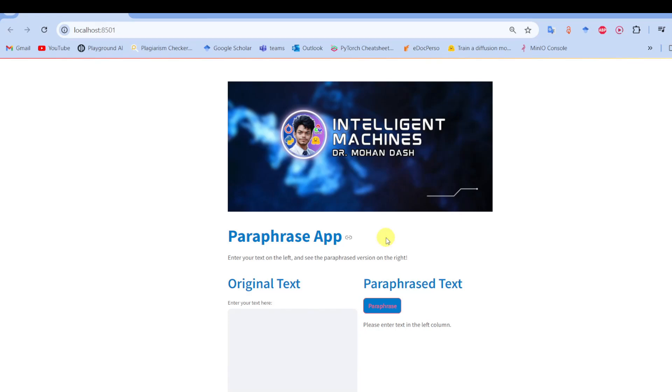Hey everyone, welcome back to Intelligent Machines. In today's video I'm going to show how to create your very own paraphrasing app using the Hugging Face library and Streamlit. Whether you are building apps for research, business, or just for fun, this will be a great tool to have. So let's jump right into the video with a quick demo.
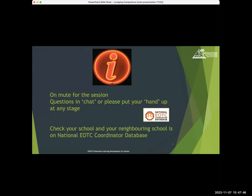Just a quick reminder about the National EOTC coordinator database before we kick off. Most of you will have come to this webinar through that database information, but we really appreciate any time you can spread that message and get your neighbouring schools onto that database. It's free, takes a couple of minutes, and it just means we get information out to one email address within the school, which is really helpful.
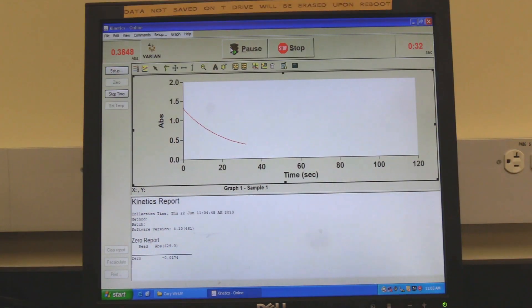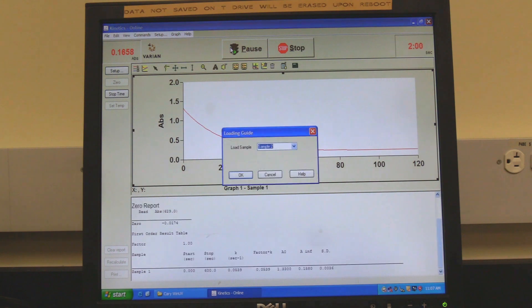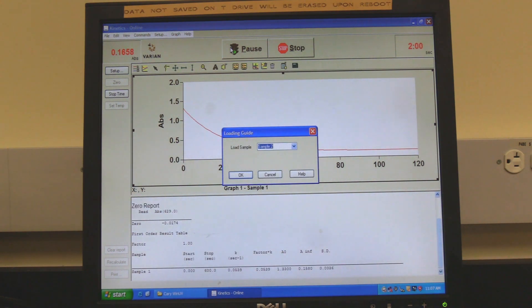Wait for the measurement to finish. The spectrum will appear. The software will prompt for the next sample name. If measuring another sample, click on OK.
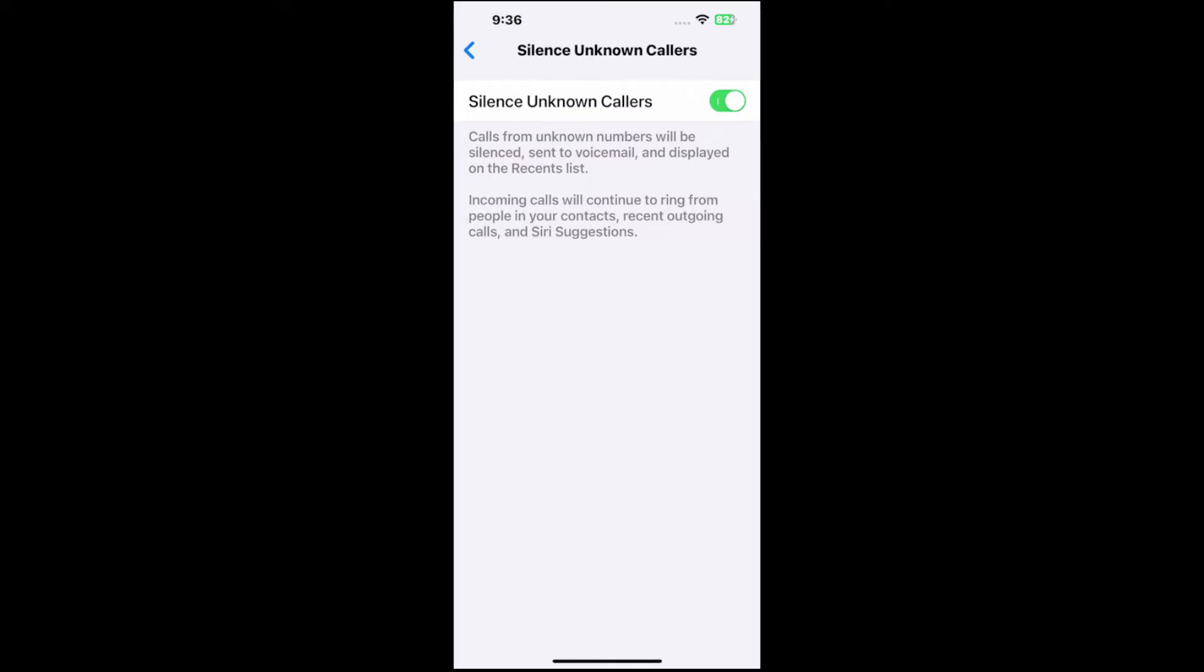So incoming calls will continue to ring from people in your contacts, recent outgoing calls and Siri suggestions. So you'll still get your normal contacts calling.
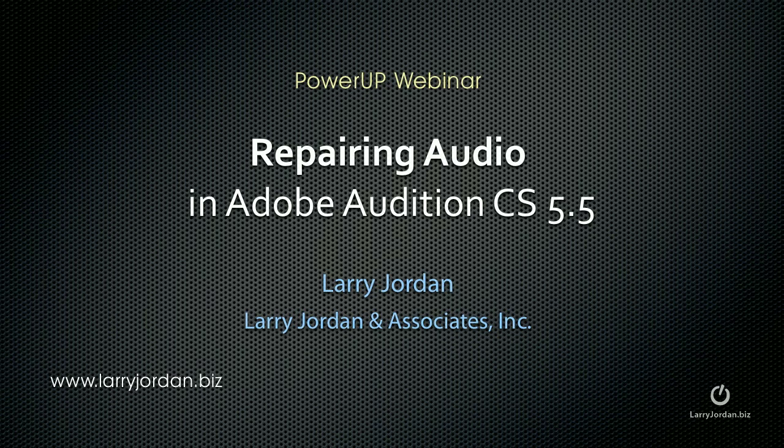Hi, this is Larry Jordan. This is an excerpt of a recent Power Up webinar on repairing audio in Adobe Audition CS 5.5.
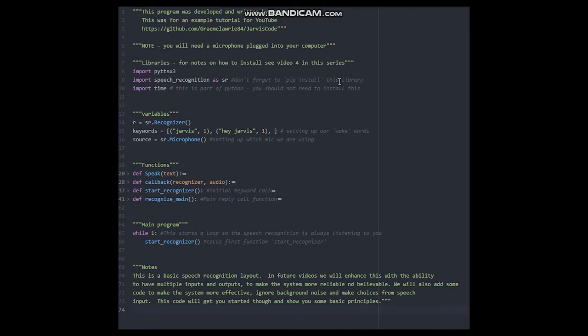For this video, you will need speakers and a microphone plugged into your computer, or the code will fail.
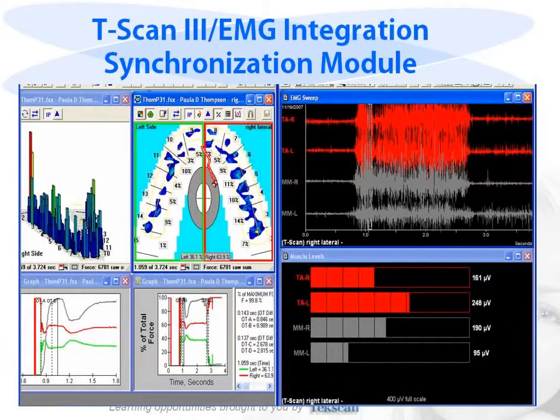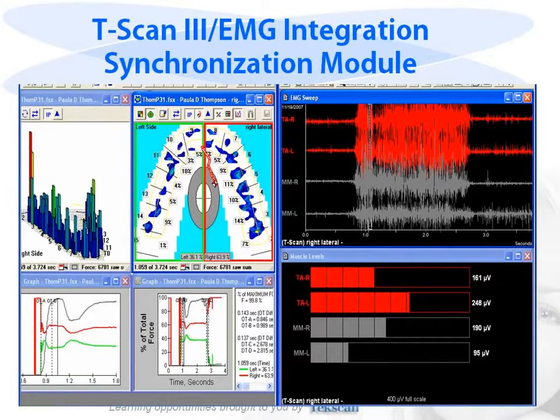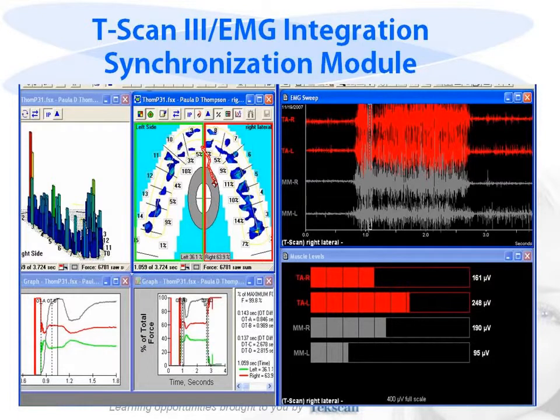The two programs synchronize and integrate occlusal data with muscle activity, allowing for dynamic playback. Together, they give a complete view of your patient's bite.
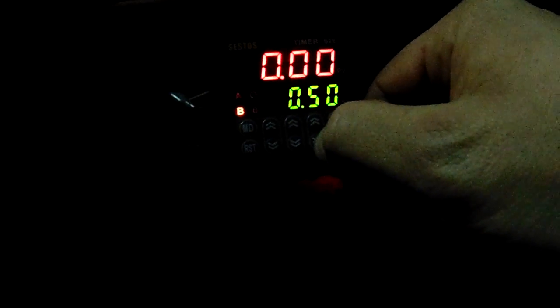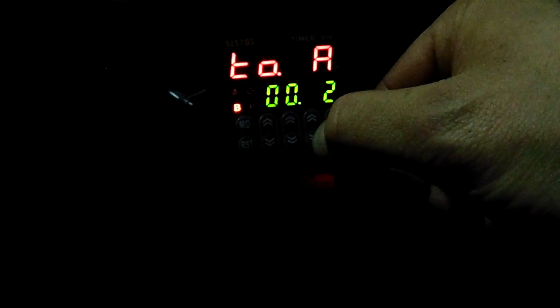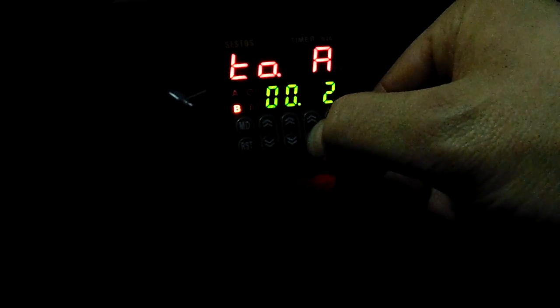So the quickest that I can go with my combination is 2 hundredths of a second. Anything quicker than that, and it won't actually trip the solenoid. So here it is, actuate the Transbrake, and then the bump box, so it happens really quick.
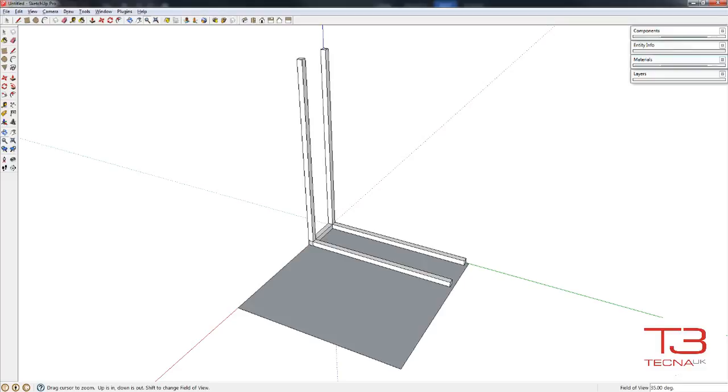For anyone new to 3D software, it can be frustrating to perform actions, but exposure to simple controls will slowly bolster an understanding that in time will become second nature.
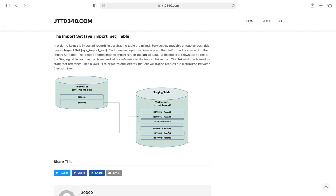So at this point, we have created our data source record that tells ServiceNow about our source data, how to connect to it, what data we want pulled, and how we want the staging table named. We tested our data source, saw that the connection works, the staging table was created correctly, and the data was loaded in as expected. Our next step is to tell ServiceNow how to take the staged data and move it into the target table — an existing table in ServiceNow where we finally want this data to live. We'll be talking about that in the next note.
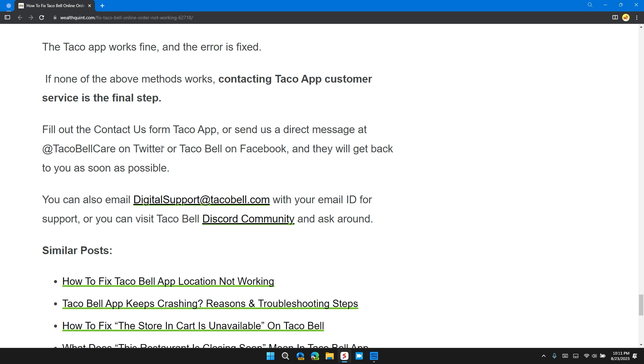Fill out the Contact Us form on the Taco App, or send a direct message at @TacoBellCare on Twitter or Taco Bell on Facebook, and they will get back to you as soon as possible. You can also email DigitalSupport@TacoBell.com with your email ID for support, or you can visit Taco Bell Discord Community and ask around.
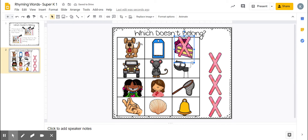For the next one, you have jeep, rat, cat. Then grin, chin. Then net, snap. Then shell, bell.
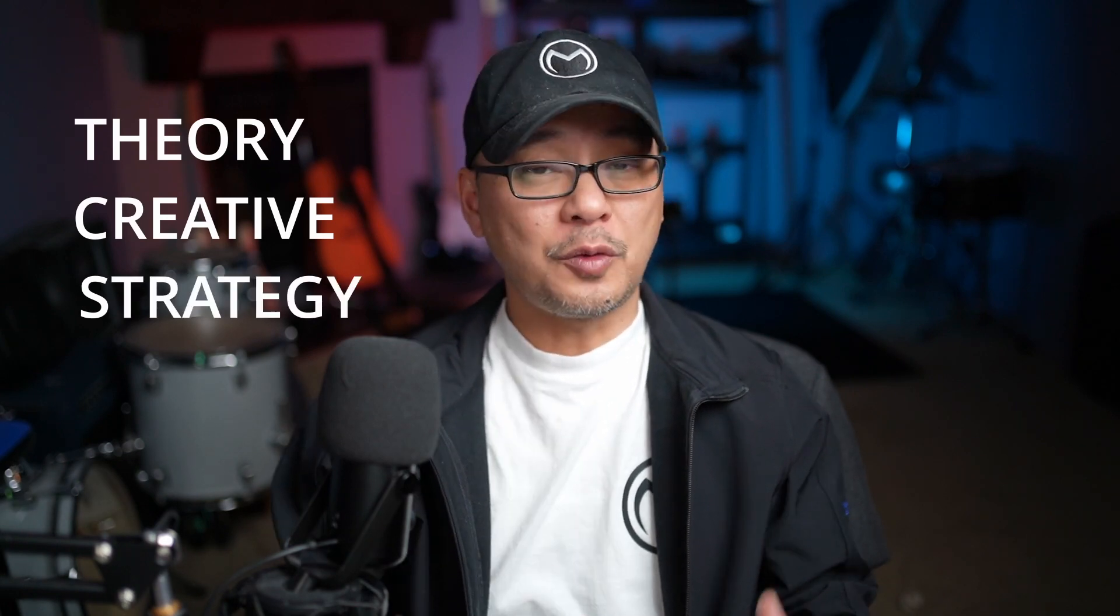Today I wanted to go over some basic thumbnail design concepts because as you know thumbnails is what gets people's attention when they're searching for video. There are three concepts that I always want you to keep in mind and that is TCS. The T stands for theory or technical, C stands for creative and S stands for strategy.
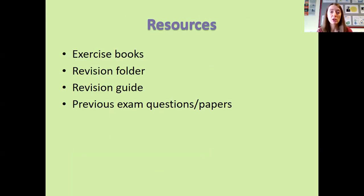The sources to use for revision include exercise books. It's very important for students to use what they've done in class, because that's all focused around how exam questions are going to be worded.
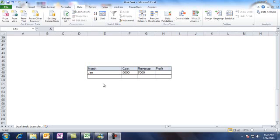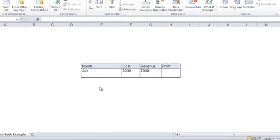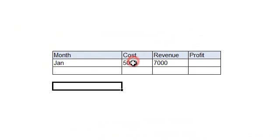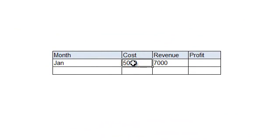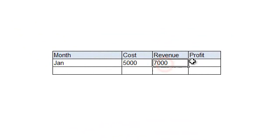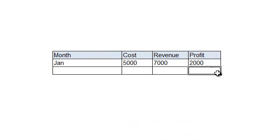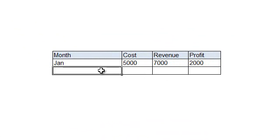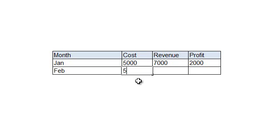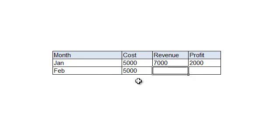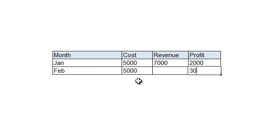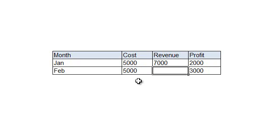For example, if your January cost is $5,000 and your revenue is $7,000, then obviously your profit will be the revenue minus cost, which is $2,000. Well, suppose that you want your February cost to remain constant at $5,000 and you want the profit to jump to $3,000. So what should your sales or revenue be to achieve this profitability?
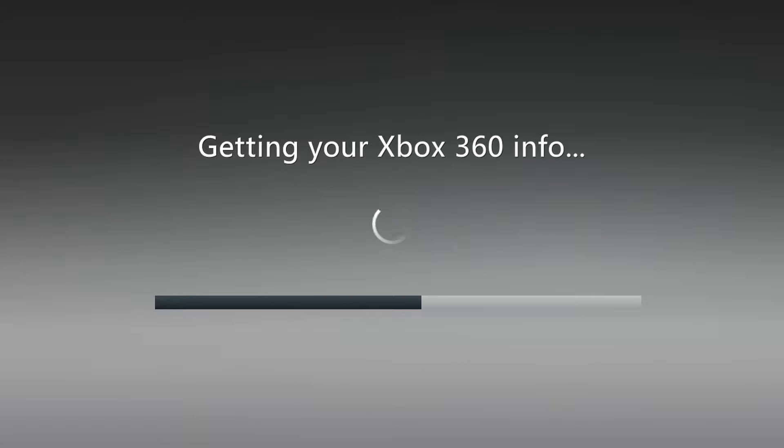This looks really crap. Yeah, remember the Xbox? Who remembers the Xbox 360?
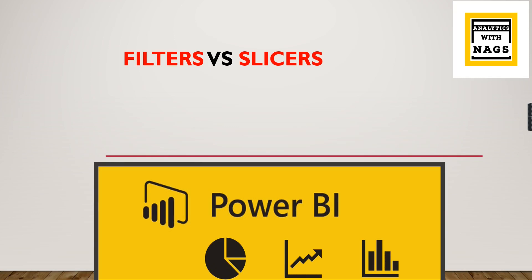Welcome to Analytics with Nax. In this video, we are going to see the difference between filters and slices. We all know that filters and slices solve the same purpose, used to filter the report.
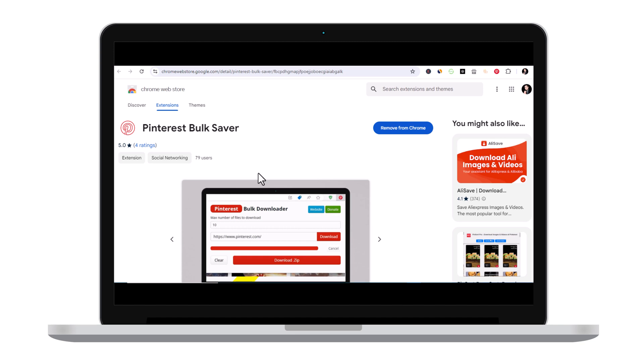Hello everyone, I hope you all are doing very well. Today we are going to look at Pinterest Bulk Saver. It's basically a Chrome extension that lets you download different types of Pinterest images, GIFs, videos and allows you to download in bulk.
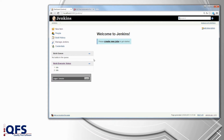Hello and welcome to the QF-Test plugin tutorial for Jenkins. In this video I am going to show you how to install and configure the plugin so it can run all your test suites.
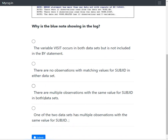Before concluding, let's check option 4, which says only one of the two datasets has multiple observations with the same value for subjd. If one dataset had only one record for a subjd value but the second dataset had more than one, that would result in a one-to-many merge — which SAS can handle appropriately and would not generate this note. Therefore, the correct answer is option 3: there are multiple observations with the same value for subjd in both datasets.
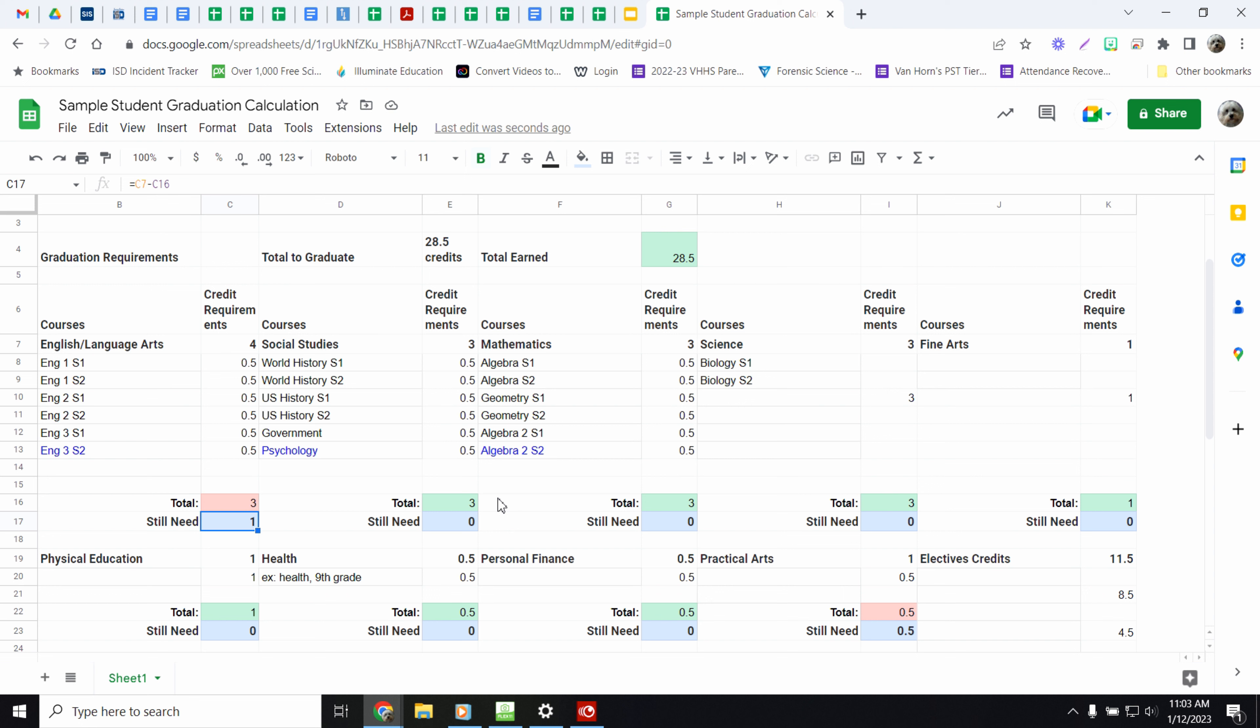Hope that helps. Hope that you can use this throughout your high school years to keep track of where you are for graduation so you can get done on time. We'll see you next time. Bye.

----------

- EXERCISE DESCRIPTION: Copy nothing but the lines from the start of the entries through the line with "Just a quick". Write them out exactly, without pictures.

- SOLUTION TO THIS TASK:
Hey everyone, welcome back to Intelligent Machines. In today's video I'm going to show how to create your very own paraphrasing app using the Hugging Face library and Streamlit. Whether you are building apps for research, business, or just for fun, this will be a great tool to have. So let's jump right into the video with a quick demo.
Just a quick reminder about the National EOTC coordinator database before we kick off. Most of you will have come to this webinar through that database information, but we really appreciate any time you can spread that message and get your neighbouring schools onto that database. It's free, takes a couple of minutes, and it just means we get information out to one email address within the school, which is really helpful.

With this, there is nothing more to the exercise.